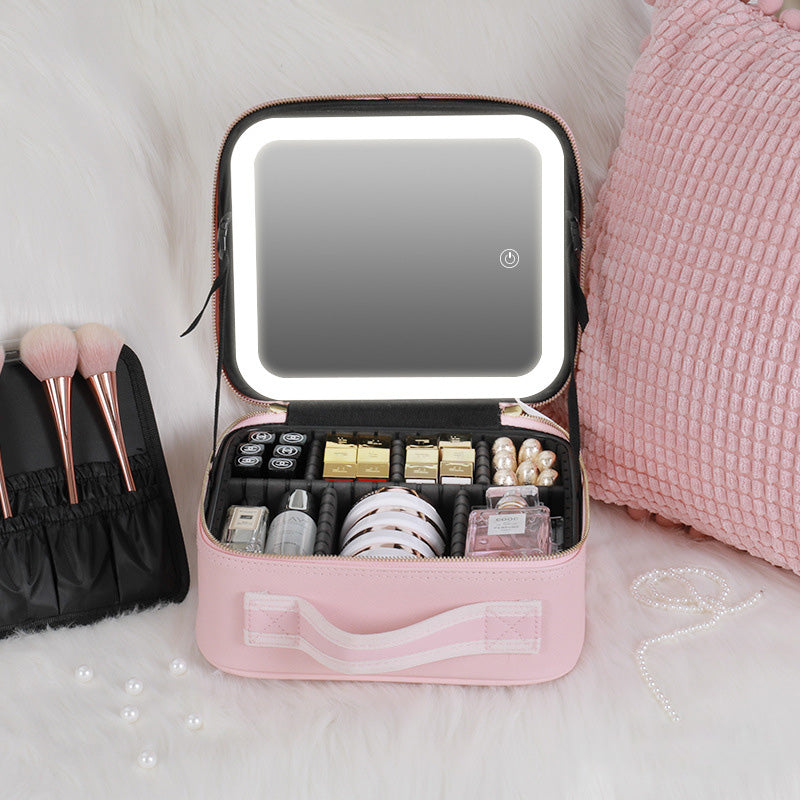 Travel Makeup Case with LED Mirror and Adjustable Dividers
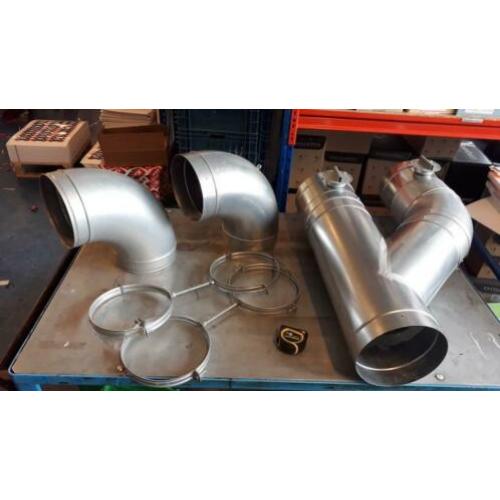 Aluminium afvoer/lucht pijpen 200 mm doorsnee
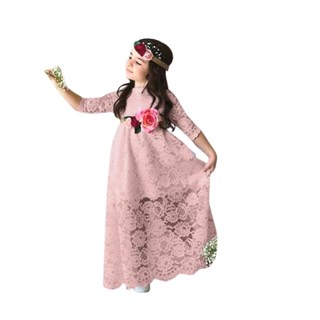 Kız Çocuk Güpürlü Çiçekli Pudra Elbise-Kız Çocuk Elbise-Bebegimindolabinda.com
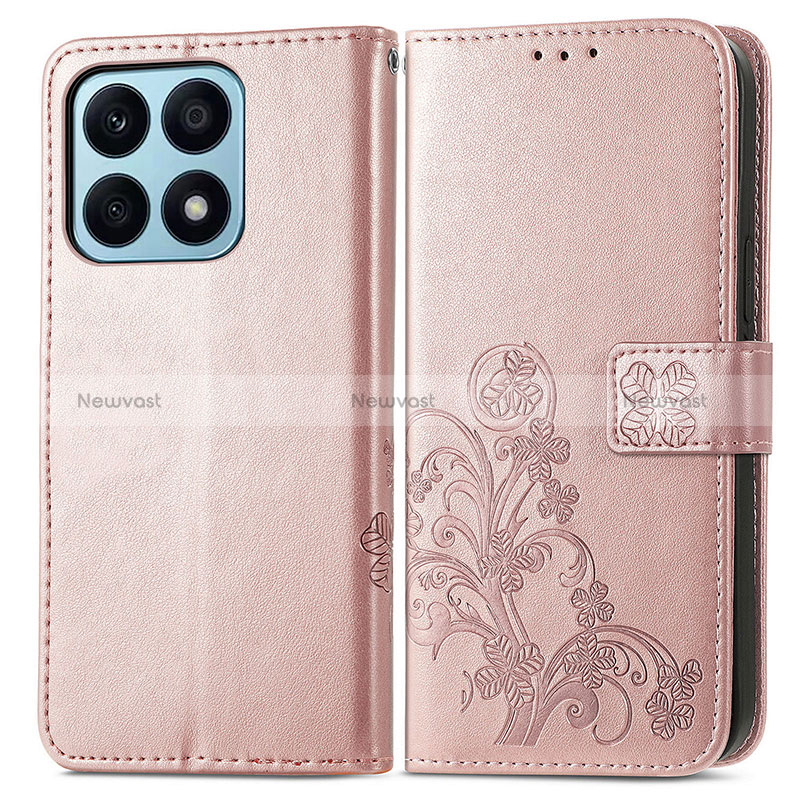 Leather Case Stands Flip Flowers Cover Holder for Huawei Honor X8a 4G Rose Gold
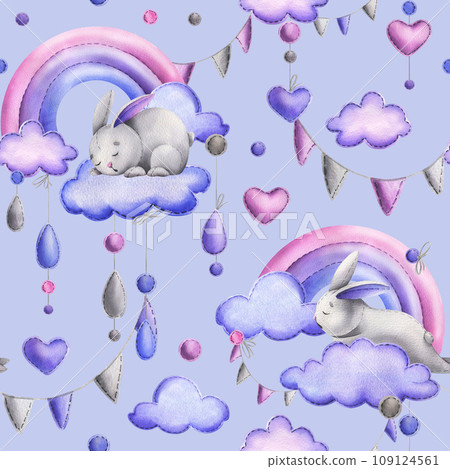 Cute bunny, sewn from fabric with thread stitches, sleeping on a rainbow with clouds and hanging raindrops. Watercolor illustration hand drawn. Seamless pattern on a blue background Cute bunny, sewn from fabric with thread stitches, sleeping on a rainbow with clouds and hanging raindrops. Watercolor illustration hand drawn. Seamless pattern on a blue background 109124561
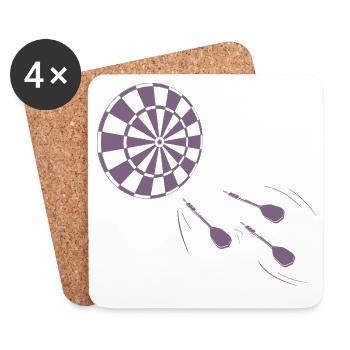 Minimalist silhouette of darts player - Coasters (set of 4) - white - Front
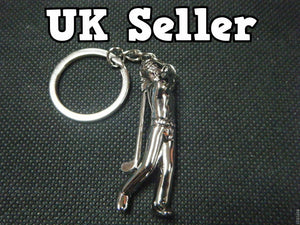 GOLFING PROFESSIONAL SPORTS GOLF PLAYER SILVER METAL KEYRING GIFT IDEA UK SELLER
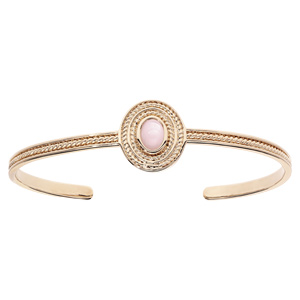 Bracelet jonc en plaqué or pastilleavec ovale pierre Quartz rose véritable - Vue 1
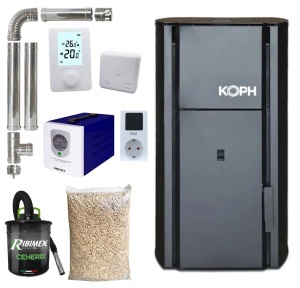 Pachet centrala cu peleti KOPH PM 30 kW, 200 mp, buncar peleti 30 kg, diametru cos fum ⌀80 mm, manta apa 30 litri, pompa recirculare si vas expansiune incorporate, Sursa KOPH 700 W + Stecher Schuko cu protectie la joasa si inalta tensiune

※

## What you need to do
Reproduce only the lines from the line that holds "Leather Case Stands" through the end of the records, exactly as they stand, both ends included and pictures excluded.

## Your response
 Leather Case Stands Flip Flowers Cover Holder for Huawei Honor X8a 4G Rose Gold
 Cute bunny, sewn from fabric with thread stitches, sleeping on a rainbow with clouds and hanging raindrops. Watercolor illustration hand drawn. Seamless pattern on a blue background Cute bunny, sewn from fabric with thread stitches, sleeping on a rainbow with clouds and hanging raindrops. Watercolor illustration hand drawn. Seamless pattern on a blue background 109124561
 Minimalist silhouette of darts player - Coasters (set of 4) - white - Front
 GOLFING PROFESSIONAL SPORTS GOLF PLAYER SILVER METAL KEYRING GIFT IDEA UK SELLER
 Bracelet jonc en plaqué or pastilleavec ovale pierre Quartz rose véritable - Vue 1
 Pachet centrala cu peleti KOPH PM 30 kW, 200 mp, buncar peleti 30 kg, diametru cos fum ⌀80 mm, manta apa 30 litri, pompa recirculare si vas expansiune incorporate, Sursa KOPH 700 W + Stecher Schuko cu protectie la joasa si inalta tensiune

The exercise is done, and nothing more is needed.